*Your instructions:*
State the number of lines in the following data that contain the string "background", and nothing else.

Data records
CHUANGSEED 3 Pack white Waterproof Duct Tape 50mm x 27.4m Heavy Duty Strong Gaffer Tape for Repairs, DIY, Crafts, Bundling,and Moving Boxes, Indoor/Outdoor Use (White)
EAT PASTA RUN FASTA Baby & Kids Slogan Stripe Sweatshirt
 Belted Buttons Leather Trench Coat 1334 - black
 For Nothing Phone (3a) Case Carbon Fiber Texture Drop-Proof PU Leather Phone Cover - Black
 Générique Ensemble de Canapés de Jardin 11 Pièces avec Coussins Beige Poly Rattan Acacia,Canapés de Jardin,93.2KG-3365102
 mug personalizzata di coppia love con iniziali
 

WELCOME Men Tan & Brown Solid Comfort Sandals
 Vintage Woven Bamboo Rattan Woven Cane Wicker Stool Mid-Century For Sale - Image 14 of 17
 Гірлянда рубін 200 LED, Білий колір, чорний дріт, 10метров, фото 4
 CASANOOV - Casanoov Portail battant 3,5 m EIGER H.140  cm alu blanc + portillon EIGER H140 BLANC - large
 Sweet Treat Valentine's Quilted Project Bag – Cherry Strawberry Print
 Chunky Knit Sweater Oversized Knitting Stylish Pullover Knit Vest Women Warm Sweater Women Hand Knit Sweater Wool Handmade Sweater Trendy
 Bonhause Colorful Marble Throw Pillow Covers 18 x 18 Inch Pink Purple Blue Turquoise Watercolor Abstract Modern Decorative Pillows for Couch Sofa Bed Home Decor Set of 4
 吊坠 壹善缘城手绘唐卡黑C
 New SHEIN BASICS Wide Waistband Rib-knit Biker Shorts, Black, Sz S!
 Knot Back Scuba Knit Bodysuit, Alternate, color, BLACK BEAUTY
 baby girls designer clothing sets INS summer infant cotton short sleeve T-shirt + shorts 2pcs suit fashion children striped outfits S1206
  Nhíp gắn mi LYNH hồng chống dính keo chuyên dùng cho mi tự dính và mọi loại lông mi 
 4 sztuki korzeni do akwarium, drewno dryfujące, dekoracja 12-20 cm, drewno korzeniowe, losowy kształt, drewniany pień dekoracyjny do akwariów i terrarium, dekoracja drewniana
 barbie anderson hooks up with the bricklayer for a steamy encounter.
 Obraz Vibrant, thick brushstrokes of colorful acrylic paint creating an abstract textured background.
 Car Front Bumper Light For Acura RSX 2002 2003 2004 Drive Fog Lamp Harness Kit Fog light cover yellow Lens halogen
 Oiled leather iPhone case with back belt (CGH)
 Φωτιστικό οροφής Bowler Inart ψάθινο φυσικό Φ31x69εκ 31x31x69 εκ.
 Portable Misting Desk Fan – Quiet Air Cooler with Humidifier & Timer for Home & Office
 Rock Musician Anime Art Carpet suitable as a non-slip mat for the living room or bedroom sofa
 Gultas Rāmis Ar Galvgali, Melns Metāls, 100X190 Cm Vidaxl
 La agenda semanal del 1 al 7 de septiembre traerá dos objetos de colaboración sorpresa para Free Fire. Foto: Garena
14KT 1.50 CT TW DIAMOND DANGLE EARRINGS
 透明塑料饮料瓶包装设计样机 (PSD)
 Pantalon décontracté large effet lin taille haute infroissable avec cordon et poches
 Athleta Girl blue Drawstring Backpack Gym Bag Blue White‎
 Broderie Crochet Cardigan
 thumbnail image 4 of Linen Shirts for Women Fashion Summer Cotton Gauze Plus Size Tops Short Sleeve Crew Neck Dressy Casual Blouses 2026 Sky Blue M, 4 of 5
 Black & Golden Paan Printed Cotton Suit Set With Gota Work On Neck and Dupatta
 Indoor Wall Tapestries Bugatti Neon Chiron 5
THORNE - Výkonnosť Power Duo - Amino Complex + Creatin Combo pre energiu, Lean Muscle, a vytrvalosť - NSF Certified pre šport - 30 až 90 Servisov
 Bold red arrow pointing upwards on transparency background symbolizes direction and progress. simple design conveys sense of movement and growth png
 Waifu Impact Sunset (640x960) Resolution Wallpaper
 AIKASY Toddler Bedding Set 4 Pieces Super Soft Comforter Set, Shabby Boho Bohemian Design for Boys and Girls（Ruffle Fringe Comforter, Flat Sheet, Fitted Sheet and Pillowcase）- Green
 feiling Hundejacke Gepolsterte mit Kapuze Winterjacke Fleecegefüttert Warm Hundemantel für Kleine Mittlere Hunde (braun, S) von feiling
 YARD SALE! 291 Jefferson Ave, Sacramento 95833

*Finished task:*
2